- **TASK OBJECTIVE**
Copy out the entries below exactly as they stand, but only from the line containing "La stretta di mano Haftar-Serraj (Ansa)" through the line containing "Office workspace with computer and people".

- **SUPPLIED DATA**
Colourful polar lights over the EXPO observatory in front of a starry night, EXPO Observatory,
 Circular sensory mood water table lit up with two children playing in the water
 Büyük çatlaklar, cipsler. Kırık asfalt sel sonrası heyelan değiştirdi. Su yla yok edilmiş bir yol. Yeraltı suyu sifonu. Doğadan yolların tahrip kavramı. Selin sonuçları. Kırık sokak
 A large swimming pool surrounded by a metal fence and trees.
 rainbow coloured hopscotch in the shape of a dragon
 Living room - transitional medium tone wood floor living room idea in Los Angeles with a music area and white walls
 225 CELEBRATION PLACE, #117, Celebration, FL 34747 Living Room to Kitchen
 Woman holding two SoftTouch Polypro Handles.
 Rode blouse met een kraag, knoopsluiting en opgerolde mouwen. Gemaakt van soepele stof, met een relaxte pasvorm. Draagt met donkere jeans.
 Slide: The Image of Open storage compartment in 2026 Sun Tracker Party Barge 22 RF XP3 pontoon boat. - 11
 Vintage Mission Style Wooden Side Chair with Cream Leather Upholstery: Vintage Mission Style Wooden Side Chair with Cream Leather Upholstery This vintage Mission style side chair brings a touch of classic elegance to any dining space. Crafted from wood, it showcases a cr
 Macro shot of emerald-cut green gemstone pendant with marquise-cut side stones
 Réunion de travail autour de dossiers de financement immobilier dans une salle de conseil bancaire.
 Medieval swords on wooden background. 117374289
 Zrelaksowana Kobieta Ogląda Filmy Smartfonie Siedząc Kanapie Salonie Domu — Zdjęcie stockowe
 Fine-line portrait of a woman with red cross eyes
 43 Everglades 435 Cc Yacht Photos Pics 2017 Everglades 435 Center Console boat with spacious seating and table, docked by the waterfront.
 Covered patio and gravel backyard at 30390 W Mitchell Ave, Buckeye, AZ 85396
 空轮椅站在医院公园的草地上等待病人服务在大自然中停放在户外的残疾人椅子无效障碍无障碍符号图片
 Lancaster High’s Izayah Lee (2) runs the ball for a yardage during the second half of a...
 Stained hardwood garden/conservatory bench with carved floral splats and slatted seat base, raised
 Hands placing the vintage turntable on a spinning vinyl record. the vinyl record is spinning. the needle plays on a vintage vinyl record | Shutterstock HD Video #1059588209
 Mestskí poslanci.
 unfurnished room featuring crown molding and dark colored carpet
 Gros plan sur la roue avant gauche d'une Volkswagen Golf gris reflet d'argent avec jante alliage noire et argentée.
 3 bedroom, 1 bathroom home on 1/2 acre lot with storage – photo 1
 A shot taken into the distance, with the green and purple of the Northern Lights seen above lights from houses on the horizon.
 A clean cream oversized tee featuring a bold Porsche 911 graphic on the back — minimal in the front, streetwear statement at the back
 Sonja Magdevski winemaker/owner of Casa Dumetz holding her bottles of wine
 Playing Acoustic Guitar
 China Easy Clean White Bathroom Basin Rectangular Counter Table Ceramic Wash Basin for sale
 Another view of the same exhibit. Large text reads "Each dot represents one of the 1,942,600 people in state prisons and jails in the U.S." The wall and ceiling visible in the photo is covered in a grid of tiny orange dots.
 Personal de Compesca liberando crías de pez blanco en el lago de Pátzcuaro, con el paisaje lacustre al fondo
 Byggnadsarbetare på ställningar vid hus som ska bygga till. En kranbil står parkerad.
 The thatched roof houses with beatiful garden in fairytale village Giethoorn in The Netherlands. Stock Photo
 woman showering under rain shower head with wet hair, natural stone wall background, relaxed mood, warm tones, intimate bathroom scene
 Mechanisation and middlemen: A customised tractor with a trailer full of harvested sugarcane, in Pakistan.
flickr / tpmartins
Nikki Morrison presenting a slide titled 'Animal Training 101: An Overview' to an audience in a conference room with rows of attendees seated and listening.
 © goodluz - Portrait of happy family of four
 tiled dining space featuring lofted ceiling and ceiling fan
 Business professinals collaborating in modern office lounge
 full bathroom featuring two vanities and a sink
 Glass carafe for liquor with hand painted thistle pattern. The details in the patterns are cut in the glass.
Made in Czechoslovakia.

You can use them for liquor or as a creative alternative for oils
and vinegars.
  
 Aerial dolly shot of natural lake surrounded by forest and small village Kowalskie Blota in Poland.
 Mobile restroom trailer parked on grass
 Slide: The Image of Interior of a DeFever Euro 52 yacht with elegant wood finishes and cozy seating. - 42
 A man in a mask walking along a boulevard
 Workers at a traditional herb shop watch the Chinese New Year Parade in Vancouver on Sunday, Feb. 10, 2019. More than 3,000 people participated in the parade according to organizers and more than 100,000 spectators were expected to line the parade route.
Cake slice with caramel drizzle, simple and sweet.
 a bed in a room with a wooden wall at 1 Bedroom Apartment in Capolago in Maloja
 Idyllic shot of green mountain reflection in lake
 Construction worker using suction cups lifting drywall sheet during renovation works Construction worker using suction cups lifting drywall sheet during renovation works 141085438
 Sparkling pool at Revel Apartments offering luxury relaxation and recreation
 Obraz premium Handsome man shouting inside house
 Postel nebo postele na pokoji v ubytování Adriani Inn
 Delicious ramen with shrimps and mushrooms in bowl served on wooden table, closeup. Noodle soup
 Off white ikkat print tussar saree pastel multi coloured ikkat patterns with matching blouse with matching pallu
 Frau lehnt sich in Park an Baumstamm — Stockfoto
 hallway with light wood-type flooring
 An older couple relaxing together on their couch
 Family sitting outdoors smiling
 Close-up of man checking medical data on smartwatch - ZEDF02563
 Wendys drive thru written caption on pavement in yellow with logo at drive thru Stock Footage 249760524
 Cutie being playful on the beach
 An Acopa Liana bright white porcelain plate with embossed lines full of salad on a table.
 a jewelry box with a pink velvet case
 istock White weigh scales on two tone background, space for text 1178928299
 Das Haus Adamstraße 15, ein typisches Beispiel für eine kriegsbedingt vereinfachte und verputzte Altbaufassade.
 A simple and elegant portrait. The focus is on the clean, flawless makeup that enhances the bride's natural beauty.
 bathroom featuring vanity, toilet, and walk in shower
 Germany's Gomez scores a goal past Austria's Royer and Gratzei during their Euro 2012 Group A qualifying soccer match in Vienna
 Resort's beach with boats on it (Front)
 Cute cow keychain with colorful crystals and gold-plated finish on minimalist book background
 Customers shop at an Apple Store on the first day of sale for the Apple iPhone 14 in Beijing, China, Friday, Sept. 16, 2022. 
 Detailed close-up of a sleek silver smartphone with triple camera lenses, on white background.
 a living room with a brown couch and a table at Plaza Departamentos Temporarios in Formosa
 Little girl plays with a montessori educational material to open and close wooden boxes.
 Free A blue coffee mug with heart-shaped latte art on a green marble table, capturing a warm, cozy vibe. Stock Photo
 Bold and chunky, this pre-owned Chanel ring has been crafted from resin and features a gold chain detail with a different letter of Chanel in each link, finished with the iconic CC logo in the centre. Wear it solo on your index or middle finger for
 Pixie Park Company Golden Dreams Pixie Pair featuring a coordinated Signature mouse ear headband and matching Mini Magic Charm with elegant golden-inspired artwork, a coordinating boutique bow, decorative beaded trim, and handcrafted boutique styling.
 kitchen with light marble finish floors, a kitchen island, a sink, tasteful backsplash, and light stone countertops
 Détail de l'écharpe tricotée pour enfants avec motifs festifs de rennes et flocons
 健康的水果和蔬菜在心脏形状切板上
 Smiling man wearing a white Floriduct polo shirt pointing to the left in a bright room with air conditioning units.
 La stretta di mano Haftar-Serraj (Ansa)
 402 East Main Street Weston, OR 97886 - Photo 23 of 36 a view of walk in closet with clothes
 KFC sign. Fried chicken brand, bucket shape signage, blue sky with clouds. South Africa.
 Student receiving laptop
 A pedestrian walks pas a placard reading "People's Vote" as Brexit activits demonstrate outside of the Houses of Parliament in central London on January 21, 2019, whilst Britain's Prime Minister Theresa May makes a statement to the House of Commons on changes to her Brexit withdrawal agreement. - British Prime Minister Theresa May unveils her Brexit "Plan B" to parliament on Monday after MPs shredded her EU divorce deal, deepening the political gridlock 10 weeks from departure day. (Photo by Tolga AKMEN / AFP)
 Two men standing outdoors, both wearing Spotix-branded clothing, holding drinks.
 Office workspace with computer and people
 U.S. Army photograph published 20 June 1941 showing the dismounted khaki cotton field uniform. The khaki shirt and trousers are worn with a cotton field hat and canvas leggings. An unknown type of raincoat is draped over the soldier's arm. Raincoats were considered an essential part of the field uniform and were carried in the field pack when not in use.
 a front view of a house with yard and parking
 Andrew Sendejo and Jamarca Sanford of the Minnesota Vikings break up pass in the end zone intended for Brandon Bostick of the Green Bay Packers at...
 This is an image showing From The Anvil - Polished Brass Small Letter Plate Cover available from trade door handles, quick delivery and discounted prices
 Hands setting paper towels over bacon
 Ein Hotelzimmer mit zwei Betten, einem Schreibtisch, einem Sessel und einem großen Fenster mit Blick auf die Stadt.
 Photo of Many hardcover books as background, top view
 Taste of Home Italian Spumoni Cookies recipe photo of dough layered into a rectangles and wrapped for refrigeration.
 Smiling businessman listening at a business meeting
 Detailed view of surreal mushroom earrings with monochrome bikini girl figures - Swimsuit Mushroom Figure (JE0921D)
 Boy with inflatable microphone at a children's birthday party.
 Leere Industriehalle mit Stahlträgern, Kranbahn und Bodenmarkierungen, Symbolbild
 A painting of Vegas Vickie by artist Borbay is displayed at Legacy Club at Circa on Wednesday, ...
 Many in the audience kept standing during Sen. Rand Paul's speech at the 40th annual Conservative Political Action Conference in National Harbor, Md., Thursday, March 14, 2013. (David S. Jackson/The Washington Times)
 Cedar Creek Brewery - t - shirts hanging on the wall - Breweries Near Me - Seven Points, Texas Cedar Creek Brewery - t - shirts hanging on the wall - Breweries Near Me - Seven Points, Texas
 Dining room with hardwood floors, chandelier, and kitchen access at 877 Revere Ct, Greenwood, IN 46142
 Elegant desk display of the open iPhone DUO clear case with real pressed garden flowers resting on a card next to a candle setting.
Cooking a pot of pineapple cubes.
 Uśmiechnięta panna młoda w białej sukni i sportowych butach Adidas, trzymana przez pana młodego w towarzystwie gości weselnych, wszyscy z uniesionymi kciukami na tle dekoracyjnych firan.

- **ANSWER TO THIS PROBLEM**
 La stretta di mano Haftar-Serraj (Ansa)
 402 East Main Street Weston, OR 97886 - Photo 23 of 36 a view of walk in closet with clothes
 KFC sign. Fried chicken brand, bucket shape signage, blue sky with clouds. South Africa.
 Student receiving laptop
 A pedestrian walks pas a placard reading "People's Vote" as Brexit activits demonstrate outside of the Houses of Parliament in central London on January 21, 2019, whilst Britain's Prime Minister Theresa May makes a statement to the House of Commons on changes to her Brexit withdrawal agreement. - British Prime Minister Theresa May unveils her Brexit "Plan B" to parliament on Monday after MPs shredded her EU divorce deal, deepening the political gridlock 10 weeks from departure day. (Photo by Tolga AKMEN / AFP)
 Two men standing outdoors, both wearing Spotix-branded clothing, holding drinks.
 Office workspace with computer and people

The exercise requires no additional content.